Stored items
= = = = = = =

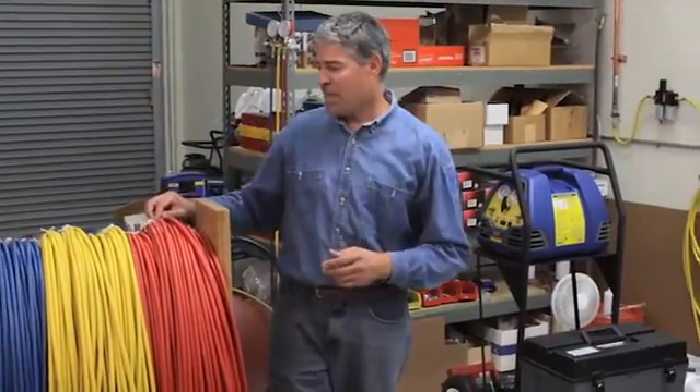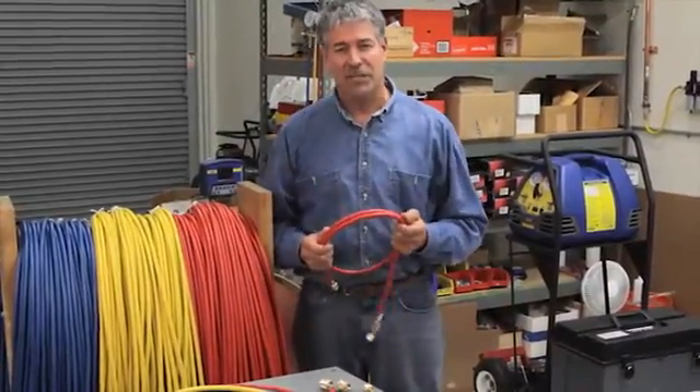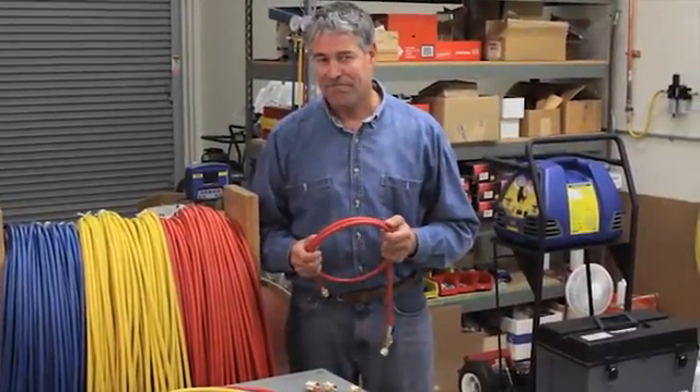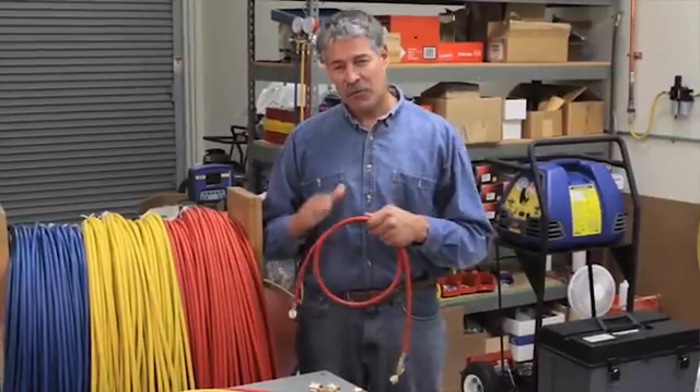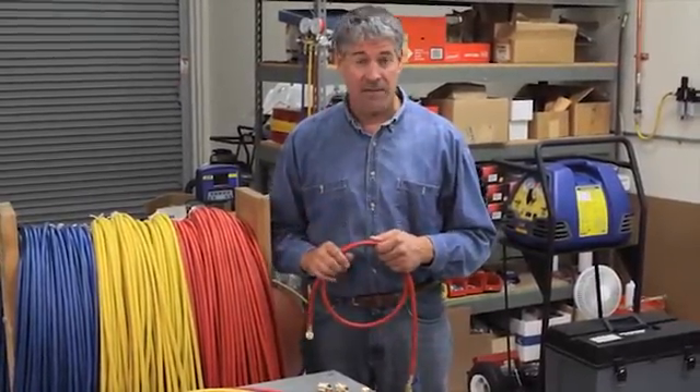Here's an interesting question. If one of the most important features of a hose is its ability to hold pressure, why does it have holes in it? Hi, it's Paul again. And those holes, also called pinpricks, actually help lengthen the life of your hoses.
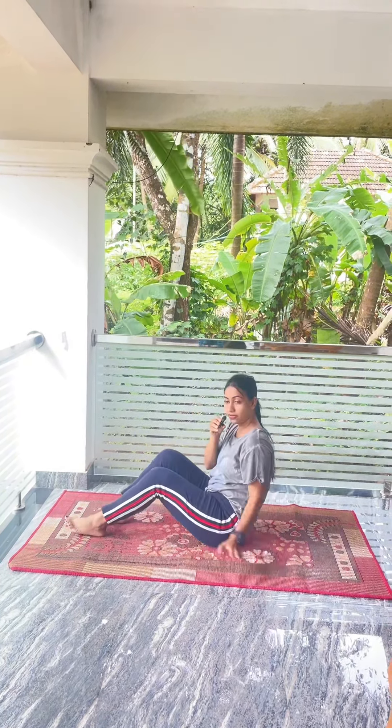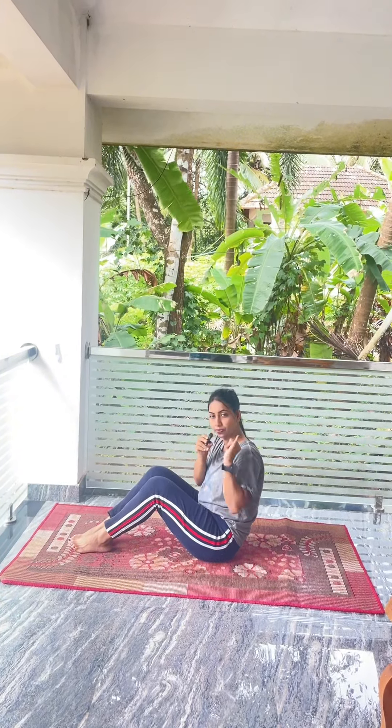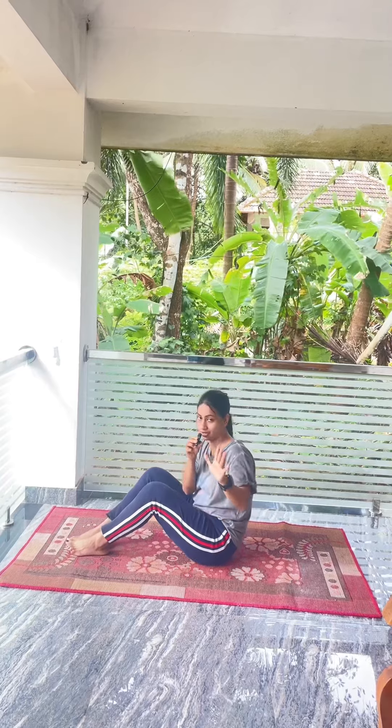Okay friends, we are doing a killing workout. We normally do a killing workout and we can feel it more effectively. We are doing a killing workout. First, we are doing one exercise: leg raise, scissors, flutter kick, heel touch, and sit-ups.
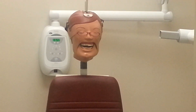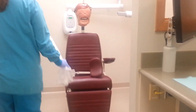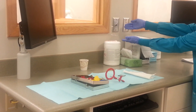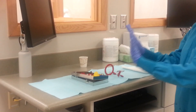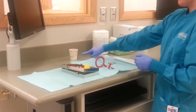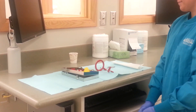Begin any radiograph procedure by properly setting up your unit and gathering your supplies. Place a plastic bag over the patient chair and cover the exposure switch with barrier tape. Then lay out a blue patient napkin to arrange all your needed supplies and cassette. Gloves should be worn when handling phosphor plates and instruments that have been in contact with the patient, but do not touch the cup used to carry the phosphor plates. This cup should be kept off the blue napkin to avoid contamination, so it may be used to carry the plates to be developed.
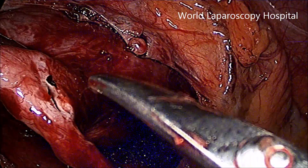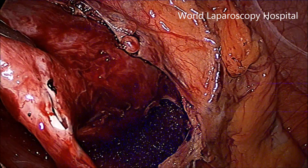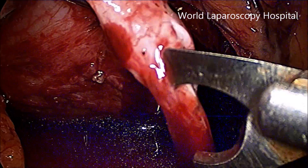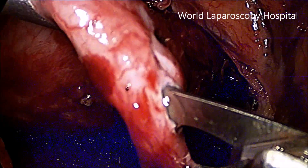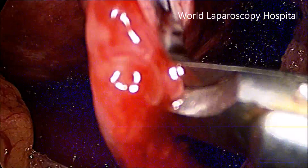Now here longitudinally the ureter is cut, the stent is now starting to become visible, and here the hook scissor is used just to enlarge the incision. The hook scissor has the advantage that it will engage itself and there is no chance of slippage.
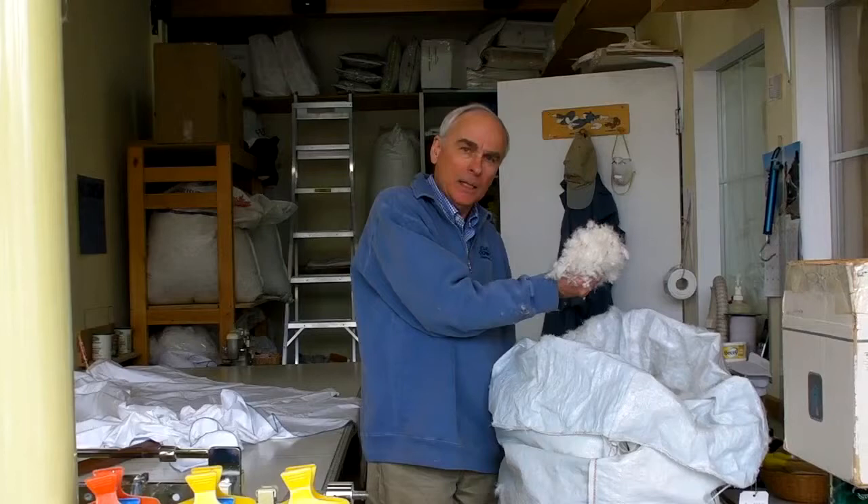The first step of the process is to weigh the amount of down required for every square. This particular duvet has 42 squares and every square takes 28 grams of down. So now I'm weighing the down, and I have to put on my mask.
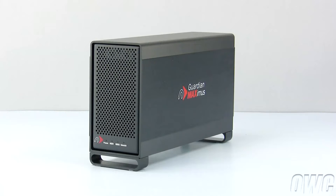Hello and welcome to the OWC instructional series of installation videos. In this installment, we will be installing two standard hard drives in a newer technology Guardian Maximus, or GMAX for short.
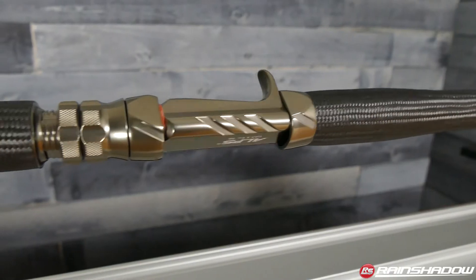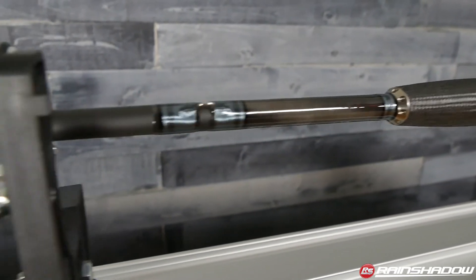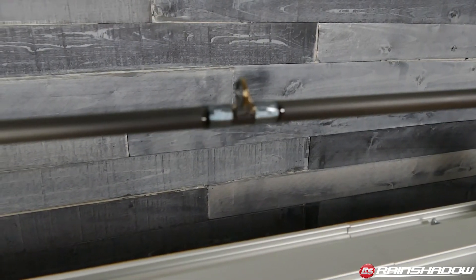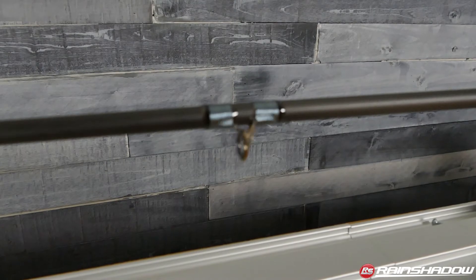Last year we added to our popular SWRX7 saltwater series a 966 — a real versatile, lighter inshore rod. This year we've always had a 967 and a 967 two-piece. This year we added a 968, great for a little bit bigger tarpon and any heavier inshore application like large cobia — that type of stuff. Toray fiber, really nice powerful blank that isn't real heavy, with a one to four ounce lure range.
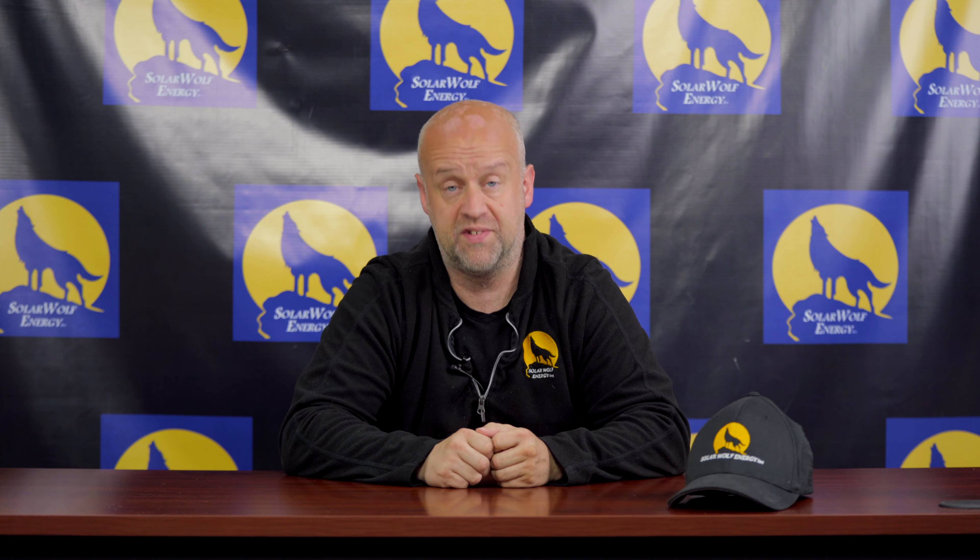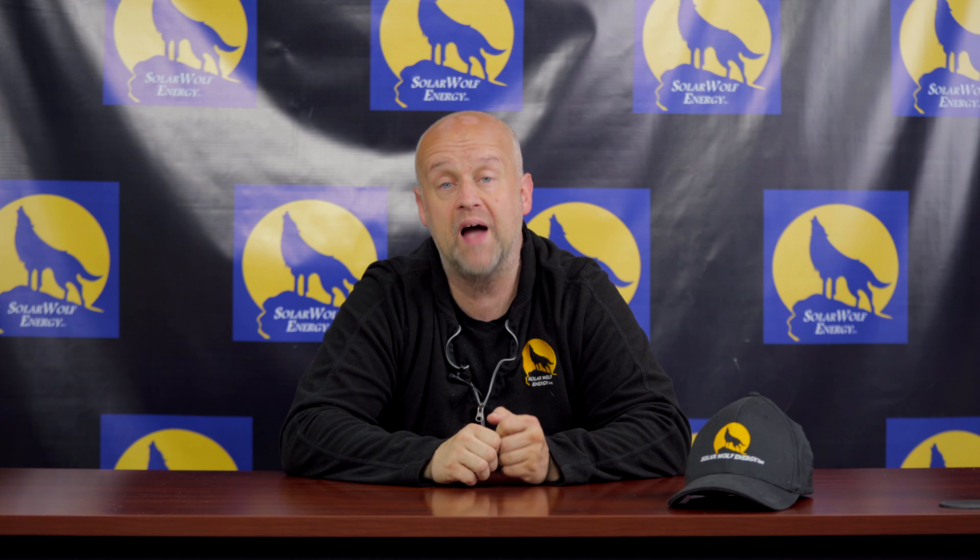Right now there are too many roofing companies out there trying to tell you they can remove your solar and put it back on for you. This is a huge red flag — unless they're bringing on a staff or outside hired licensed electrician, this is something you want to avoid.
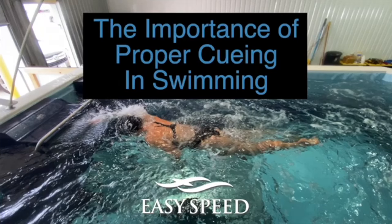Welcome to another edition of Swim Easy Speed. Today we're going to look at the importance of proper cueing in swimming. In this video you're going to watch me work with Jocelyn McCauley.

= = = = = = =

What is required = Transcribe, word for word, the stretch of lines in the data above from the one with "The first step" through the one with "Hello and welcome"; omit all pictures.

Finished exercise =
The first step of the process is to weigh the amount of down required for every square. This particular duvet has 42 squares and every square takes 28 grams of down. So now I'm weighing the down, and I have to put on my mask.
Hello and welcome to the OWC instructional series of installation videos. In this installment, we will be installing two standard hard drives in a newer technology Guardian Maximus, or GMAX for short.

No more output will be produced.